Fintech/News/

UK fintech Freetrade mints millionaires out of early crowdfunding investors

Crowdfunding returns are generally low, but Freetrade has bucked the trend by accepting investors in early — and is succeeding.

By Isabel Woodford

In September 2016, a little-known trading app called Freetrade launched a crowdfunding round hoping to raise £100k from ambitious retail investors.

The odds of success were low — most crowdfunding investors never see a return on their money.

But at least six crowdfunding investors purchased stakes in Freetrade that are today worth at least £1m, Sifted has found.* 

This follows Freetrade’s recent fundraise, which valued the company at £265m, having attracted over 600k customers to the low-cost trading app over the last 5 years.

According to Sifted estimates, Crowdcube investors who injected a minimum of £18,750 in 2016 will now own shares worth £1m or more. One individual, who doubled down in subsequent rounds, now even looks to own a stake worth £8.4m, according to Companies House filings.

Millionaires aside, anyone who invested just £210 in 2016 will now have a (tax-free) stake worth £10k.

In total, 143 crowdfunding investors took part in the 2016 round. Currently, their return on investment is estimated at 4670% (or 47x).

Freetrade confirmed the findings.

The company has now completed seven crowdfunding rounds, counting 13k investors overall.

This means retail investors are actually Freetrade’s “largest direct shareholder”, collectively holding a bigger stake than its VC backers like Draper Espirit.

Freetrade also recently offered its retail investors the chance to cash in some of their winnings via a secondary sale, citing an oversubscribed Series B. Over the next few weeks, institutional investors will buy shares off those who wanted to sell via Crowdcube (possibly at a slight discount).

Crowdfunding: a mixed bag

Freetrade’s crowdfunding tale is an unusual success story.

One study found that the average rate of return in crowdfunding is just 8.6%, weighed down by startups’ low survival rates.

Many startups also don’t usually launch crowdfunding campaigns until Series B or later, meaning the return multiples are far smaller. For instance, fintechs like Curve didn’t do its first crowdfund until it had already clinched a $250m valuation.

Freetrade’s returns currently even trump the likes of Monzo, which is now worth £1.2bn. Crowdcube told Sifted that Monzo’s investors’ shares have increased 15x in value since its 2016 crowdfunding round.

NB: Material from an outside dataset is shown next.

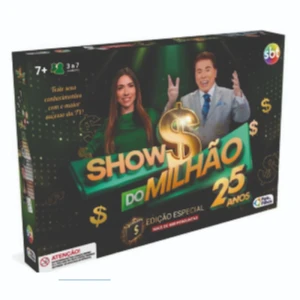 Show Do Milhao - Edicao Especial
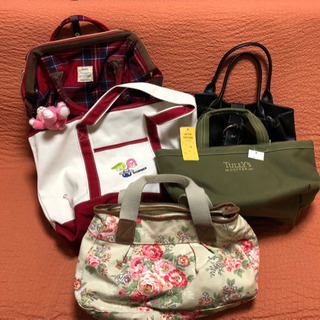 【終了】anello Cathkidston Tully's （...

Equally, Revolut also did its first crowdfunding round in 2016, punching for a £42m valuation (it’s now worth £4.2bn). But Revolut capped crowdfunding investors at £5k each, meaning even the largest investors won’t hit million-dollar returns.

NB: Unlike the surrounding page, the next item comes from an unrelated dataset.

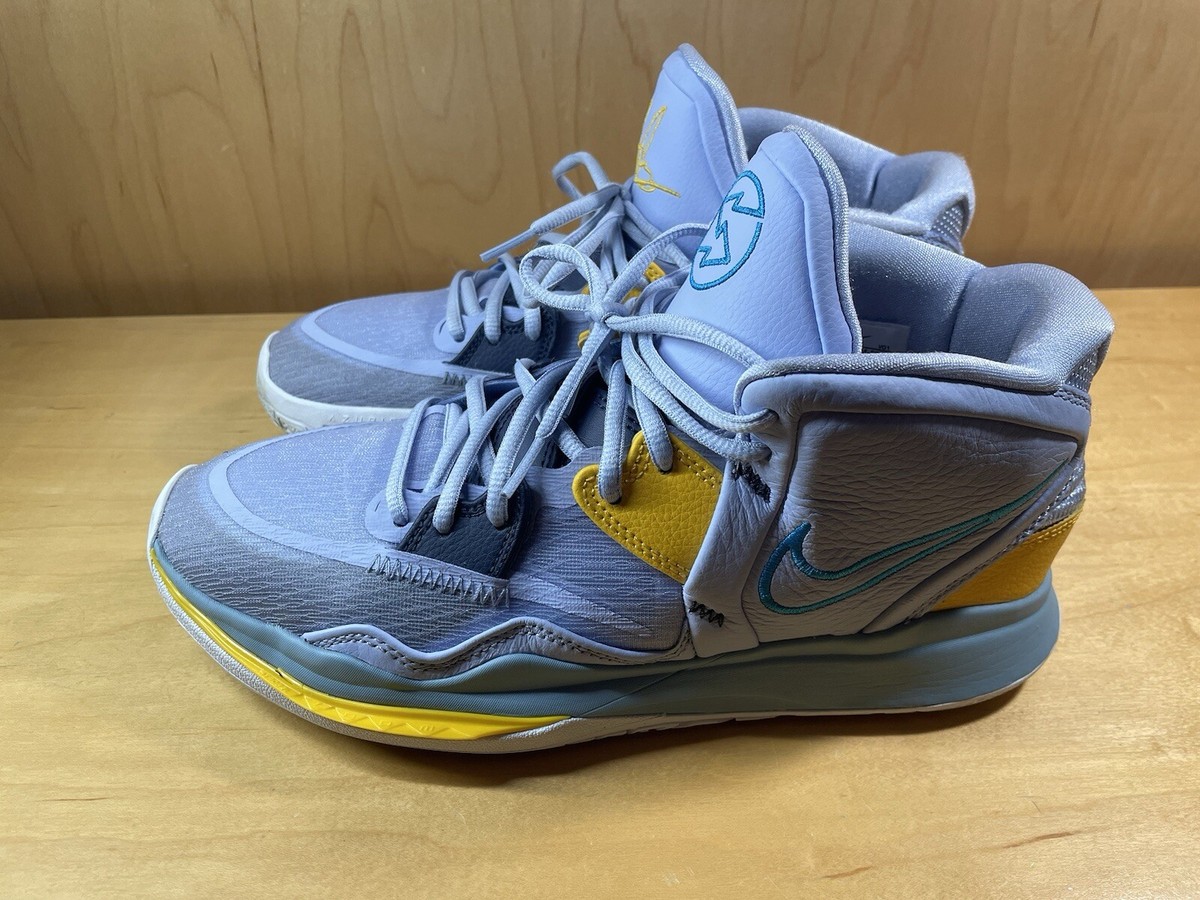 NIKE KYRIE Infinity 8 Laser Blue M 9 Future Past CZ0204 501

Crowdfunding campaigns have also been criticised for their lack of financial disclosures, leaving crowdfunding investors in the dark.

There have also been some grumbles among Freetrade’s Crowdcube investors. Online forums document a handful of communication concerns,  and confusion over the status of A shares versus B shares (hence, the removal of voting rights). Freetrade now only offers B shares for its crowdfunding investors.

In response, Freetrade chief executive Adam Dodds told Sifted

“From the start, our crowdfunding investors have been our biggest supporters and we’re thrilled to be able to offer them a chance to realise the gains that they have made on their investment, if they chose to take up the secondary offer. We’re committed to building a company that helps millions achieve better financial outcomes and, at the same time, keeps our interests aligned with those of our shareholders.”

Freetrade’s cofounders, including Adam Dodds (far left)

To cash in or not?

Several Freetrade investors have applied to sell their shares during the upcoming share exchange.

Still, most large shareholders have opted not to liquidate their holdings, according to Freetrade. This decision is seemingly driven by Freetrade’s growth potential.

The startup says it saw a 48x increase in revenues last year, bringing in over £1m in December alone. It also saw a strong month in January again amid the GameStop saga, seeing 30k signups in a single day.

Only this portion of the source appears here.